Han transcurrido siete meses desde el inicio de la administración de la doctora Claudia Sheinbaum Pardo, periodo en el que ha dejado claro que su gobierno no será únicamente una continuidad de la Cuarta Transformación, sino también una gestión con sello propio. Enfrentando desafíos internos y externos, la presidenta ha mostrado capacidad para sostener un liderazgo firme y estratégico en momentos complejos.
En el plano nacional, Sheinbaum ha tenido que encarar problemas estructurales como la inseguridad en diversas regiones del país y una oposición que, aunque fragmentada, mantiene núcleos de resistencia en algunos sectores. En el ámbito internacional, su gobierno ha navegado con cautela la siempre compleja relación con Estados Unidos, particularmente en temas migratorios, energéticos y comerciales, manteniendo el equilibrio entre firmeza y diálogo.

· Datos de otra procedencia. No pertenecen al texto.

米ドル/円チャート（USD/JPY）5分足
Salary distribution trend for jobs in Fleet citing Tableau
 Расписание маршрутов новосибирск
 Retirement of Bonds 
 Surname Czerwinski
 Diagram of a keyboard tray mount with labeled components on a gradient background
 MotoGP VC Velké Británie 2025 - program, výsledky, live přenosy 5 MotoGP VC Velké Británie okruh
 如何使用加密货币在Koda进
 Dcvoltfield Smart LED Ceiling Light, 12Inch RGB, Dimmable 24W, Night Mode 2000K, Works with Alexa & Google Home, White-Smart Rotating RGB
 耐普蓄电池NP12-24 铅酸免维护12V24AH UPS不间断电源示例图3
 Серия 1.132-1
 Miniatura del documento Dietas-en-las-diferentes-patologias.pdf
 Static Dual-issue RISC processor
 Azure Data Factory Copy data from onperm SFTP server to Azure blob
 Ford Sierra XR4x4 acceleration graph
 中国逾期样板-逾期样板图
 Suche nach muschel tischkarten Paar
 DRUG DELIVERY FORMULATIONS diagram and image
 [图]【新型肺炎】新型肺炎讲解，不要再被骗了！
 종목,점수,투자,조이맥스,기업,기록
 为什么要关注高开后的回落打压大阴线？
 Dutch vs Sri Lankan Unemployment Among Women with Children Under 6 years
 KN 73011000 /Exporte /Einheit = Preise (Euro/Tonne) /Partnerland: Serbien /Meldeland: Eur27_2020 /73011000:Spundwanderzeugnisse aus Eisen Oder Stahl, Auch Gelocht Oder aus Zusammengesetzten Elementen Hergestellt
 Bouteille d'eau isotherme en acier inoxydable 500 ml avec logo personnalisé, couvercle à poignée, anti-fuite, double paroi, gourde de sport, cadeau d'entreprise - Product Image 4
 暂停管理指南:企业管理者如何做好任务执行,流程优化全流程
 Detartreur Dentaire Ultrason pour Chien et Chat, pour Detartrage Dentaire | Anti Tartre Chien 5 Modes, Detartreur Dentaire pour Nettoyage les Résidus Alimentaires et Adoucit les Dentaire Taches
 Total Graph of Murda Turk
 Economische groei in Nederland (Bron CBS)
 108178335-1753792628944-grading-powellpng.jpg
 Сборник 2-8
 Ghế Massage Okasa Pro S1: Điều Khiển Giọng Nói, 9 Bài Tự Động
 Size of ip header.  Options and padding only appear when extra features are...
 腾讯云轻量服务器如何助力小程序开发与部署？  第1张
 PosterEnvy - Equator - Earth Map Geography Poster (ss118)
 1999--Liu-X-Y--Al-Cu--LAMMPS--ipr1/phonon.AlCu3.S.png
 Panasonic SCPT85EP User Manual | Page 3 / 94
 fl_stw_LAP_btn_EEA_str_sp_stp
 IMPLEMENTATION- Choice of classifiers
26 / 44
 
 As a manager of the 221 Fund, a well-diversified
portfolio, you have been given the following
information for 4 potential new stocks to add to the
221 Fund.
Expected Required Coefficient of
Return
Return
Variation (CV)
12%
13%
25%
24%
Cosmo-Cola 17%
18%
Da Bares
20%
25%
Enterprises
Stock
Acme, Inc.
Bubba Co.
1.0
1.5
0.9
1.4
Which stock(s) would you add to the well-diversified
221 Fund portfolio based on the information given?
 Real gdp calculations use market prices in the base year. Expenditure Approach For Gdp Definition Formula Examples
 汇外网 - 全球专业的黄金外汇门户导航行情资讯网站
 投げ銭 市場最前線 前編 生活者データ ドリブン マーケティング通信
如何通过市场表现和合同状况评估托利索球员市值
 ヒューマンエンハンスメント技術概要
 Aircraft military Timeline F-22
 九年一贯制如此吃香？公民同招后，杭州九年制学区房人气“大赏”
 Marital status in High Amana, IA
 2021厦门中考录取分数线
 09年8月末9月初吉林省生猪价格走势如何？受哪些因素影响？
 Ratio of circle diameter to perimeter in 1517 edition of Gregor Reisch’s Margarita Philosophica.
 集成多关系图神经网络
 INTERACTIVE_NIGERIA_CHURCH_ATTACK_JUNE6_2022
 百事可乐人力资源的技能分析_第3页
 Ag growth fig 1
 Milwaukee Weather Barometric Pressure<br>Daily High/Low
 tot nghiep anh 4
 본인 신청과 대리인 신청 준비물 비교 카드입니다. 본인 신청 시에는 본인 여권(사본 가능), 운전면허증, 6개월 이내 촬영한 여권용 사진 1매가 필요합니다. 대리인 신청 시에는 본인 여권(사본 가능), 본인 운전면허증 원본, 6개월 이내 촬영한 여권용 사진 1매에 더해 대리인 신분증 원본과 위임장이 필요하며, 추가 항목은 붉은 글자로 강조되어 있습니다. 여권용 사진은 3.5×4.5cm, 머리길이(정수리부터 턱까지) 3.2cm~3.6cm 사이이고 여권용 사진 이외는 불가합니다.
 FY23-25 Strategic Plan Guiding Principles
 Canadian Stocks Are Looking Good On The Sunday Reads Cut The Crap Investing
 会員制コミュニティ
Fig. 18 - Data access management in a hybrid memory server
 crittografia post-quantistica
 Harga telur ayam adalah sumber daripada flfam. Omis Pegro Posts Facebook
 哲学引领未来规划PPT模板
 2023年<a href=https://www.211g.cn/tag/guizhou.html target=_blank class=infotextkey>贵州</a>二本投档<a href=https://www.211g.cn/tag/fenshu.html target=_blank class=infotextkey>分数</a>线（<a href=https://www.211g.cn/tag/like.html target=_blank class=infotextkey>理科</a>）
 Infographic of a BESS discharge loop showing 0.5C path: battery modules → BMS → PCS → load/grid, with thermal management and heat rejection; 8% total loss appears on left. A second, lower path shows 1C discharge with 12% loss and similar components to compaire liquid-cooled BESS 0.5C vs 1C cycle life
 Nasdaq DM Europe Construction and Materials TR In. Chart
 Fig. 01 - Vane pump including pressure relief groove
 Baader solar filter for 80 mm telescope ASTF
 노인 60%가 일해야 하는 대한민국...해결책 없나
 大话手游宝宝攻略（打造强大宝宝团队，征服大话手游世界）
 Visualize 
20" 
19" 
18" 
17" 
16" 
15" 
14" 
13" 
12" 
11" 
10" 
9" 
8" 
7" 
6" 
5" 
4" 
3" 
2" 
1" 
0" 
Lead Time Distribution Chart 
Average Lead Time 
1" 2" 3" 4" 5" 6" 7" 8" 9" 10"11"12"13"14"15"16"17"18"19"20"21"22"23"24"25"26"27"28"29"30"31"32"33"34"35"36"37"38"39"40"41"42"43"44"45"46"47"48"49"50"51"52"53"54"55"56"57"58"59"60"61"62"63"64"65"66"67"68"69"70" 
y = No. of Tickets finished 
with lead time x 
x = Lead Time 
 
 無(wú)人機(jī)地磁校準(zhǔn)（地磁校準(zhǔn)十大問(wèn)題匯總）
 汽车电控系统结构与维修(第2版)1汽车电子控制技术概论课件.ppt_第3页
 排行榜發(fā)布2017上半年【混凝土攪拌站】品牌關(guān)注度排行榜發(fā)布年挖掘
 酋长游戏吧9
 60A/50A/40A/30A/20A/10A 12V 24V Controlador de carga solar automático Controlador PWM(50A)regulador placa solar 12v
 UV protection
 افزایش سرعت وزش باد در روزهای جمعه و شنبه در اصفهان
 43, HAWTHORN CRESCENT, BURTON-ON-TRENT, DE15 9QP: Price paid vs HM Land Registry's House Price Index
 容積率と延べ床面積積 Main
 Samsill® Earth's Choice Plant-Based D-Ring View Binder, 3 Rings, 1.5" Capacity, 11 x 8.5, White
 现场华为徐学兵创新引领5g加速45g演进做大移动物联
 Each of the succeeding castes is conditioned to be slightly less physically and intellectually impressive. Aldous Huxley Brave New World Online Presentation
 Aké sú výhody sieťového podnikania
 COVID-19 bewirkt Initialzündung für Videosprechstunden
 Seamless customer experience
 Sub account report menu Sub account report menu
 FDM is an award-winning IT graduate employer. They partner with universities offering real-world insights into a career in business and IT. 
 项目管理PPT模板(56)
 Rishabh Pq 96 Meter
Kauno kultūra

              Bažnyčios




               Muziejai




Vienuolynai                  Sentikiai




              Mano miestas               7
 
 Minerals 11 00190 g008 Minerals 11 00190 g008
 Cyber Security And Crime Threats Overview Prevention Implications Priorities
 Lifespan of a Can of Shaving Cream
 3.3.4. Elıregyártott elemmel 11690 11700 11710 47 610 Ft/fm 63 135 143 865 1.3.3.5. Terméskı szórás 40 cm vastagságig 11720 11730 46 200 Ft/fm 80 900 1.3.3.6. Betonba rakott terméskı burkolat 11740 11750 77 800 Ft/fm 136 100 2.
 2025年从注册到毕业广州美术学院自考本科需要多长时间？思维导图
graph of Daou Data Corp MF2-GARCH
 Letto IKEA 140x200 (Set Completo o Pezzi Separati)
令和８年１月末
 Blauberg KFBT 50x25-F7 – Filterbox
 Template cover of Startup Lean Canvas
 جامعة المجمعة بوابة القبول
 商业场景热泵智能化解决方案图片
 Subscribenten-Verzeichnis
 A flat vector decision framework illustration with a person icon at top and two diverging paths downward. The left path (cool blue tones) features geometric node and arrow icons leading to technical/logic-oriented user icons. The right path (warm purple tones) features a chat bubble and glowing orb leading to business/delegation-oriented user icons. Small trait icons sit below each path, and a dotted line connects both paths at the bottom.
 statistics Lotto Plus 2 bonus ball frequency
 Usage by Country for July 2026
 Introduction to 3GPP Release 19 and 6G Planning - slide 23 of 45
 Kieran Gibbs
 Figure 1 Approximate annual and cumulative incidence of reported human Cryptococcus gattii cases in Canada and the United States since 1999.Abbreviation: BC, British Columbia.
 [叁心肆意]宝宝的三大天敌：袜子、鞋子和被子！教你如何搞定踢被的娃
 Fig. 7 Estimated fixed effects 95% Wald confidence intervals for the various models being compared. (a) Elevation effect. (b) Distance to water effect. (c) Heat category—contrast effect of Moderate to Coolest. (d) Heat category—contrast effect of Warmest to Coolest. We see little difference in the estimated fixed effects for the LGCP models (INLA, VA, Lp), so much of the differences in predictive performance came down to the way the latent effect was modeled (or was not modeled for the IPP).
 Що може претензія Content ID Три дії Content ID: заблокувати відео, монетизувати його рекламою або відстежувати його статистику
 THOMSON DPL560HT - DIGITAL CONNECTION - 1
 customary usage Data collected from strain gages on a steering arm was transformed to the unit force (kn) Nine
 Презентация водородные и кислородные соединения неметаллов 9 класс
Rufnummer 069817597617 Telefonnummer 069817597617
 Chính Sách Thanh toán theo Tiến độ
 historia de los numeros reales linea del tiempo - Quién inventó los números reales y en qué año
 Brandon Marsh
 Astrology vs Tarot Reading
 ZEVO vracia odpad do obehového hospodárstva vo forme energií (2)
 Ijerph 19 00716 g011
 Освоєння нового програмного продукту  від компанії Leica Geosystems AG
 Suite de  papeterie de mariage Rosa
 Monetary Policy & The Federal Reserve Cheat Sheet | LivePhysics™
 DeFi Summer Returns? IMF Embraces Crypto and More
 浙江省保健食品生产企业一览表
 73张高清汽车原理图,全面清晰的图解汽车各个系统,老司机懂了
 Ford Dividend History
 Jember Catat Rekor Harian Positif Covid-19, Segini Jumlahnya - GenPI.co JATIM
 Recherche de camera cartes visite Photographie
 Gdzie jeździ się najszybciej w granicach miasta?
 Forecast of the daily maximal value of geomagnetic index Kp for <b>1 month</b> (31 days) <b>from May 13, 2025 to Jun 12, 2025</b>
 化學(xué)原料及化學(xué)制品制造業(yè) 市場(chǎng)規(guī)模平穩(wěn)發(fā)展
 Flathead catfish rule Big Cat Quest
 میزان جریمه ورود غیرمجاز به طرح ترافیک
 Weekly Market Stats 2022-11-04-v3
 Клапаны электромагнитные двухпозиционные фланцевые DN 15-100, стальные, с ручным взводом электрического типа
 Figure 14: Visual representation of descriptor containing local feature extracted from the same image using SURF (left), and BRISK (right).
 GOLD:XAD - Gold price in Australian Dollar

Pero quizá el reto más intrincado se encuentra dentro de Morena, partido que, pese a su hegemonía política, evidencia fracturas y pugnas internas. Como sucede en todo movimiento que alcanza el poder, las tensiones por posiciones, candidaturas y cuotas de decisión han aflorado, lo que representa un riesgo para la estabilidad del proyecto político. Frente a ello, Sheinbaum ha optado por ejercer no solo el liderazgo formal desde la Presidencia, sino también consolidarse como líder moral de su partido.
La reciente VI Sesión Ordinaria del Consejo Nacional de Morena dejó testimonio de esta postura. En seguimiento a un pronunciamiento en una “mañanera”, Sheinbaum lanzó un mensaje directo a su bancada en la Cámara Alta, advirtiendo que no hay espacio para la dilación ni para el incumplimiento de los compromisos acordados. “Voy a enviar una carta a la dirigencia de Morena, porque creo que tiene que haber reglas; no se debe adelantar nada”, sentenció. Más que una advertencia, se trató de un acto de reafirmación del liderazgo presidencial sobre las estructuras partidarias.
Este episodio no es menor. La presidenta ha dejado en claro que la disciplina interna y la lealtad institucional serán condiciones indispensables para preservar la viabilidad política de la 4T. En tiempos en que los partidos suelen ceder ante las presiones de sus propios grupos, Sheinbaum asume el costo político de exigir orden, consciente de que sin cohesión, cualquier proyecto de transformación está condenado a la dispersión.
Además, su intervención ha incorporado una dimensión ética relevante. La presidenta ha insistido en la necesidad de erradicar prácticas como el nepotismo y las candidaturas familiares, una de las demandas sociales más reiteradas en México. Según datos del Instituto Nacional Electoral (INE), el 85 % de los ciudadanos identifica este fenómeno como una de las principales causas de desconfianza institucional. Al pronunciarse contra estas prácticas, Sheinbaum no solo fortalece su narrativa de transparencia, sino que también se diferencia de liderazgos políticos que han privilegiado la complacencia con sus bases internas.
Desde luego, un solo discurso no resolverá las tensiones en Morena. Pero el mensaje ha sido claro: el partido debe alinearse con los tiempos y prioridades del gobierno. Y en este ejercicio, Sheinbaum apuesta por el pragmatismo político indispensable para gobernar en un entorno fragmentado, sin abandonar los principios que dieron origen a su movimiento.
La presidencia de Sheinbaum se perfila así como una etapa de consolidación institucional y de orden en la estructura partidaria. Si logra mantener esta línea, no solo se ganará el respeto de las diversas facciones morenistas, sino que también podría captar a un electorado cansado de las viejas prácticas políticas, en busca de referentes de autoridad y honestidad.
Al final, como en todo liderazgo político, su desafío será sostener este equilibrio entre la firmeza y el consenso, entre la disciplina y la inclusión. Por ahora, el primer mensaje ha sido contundente.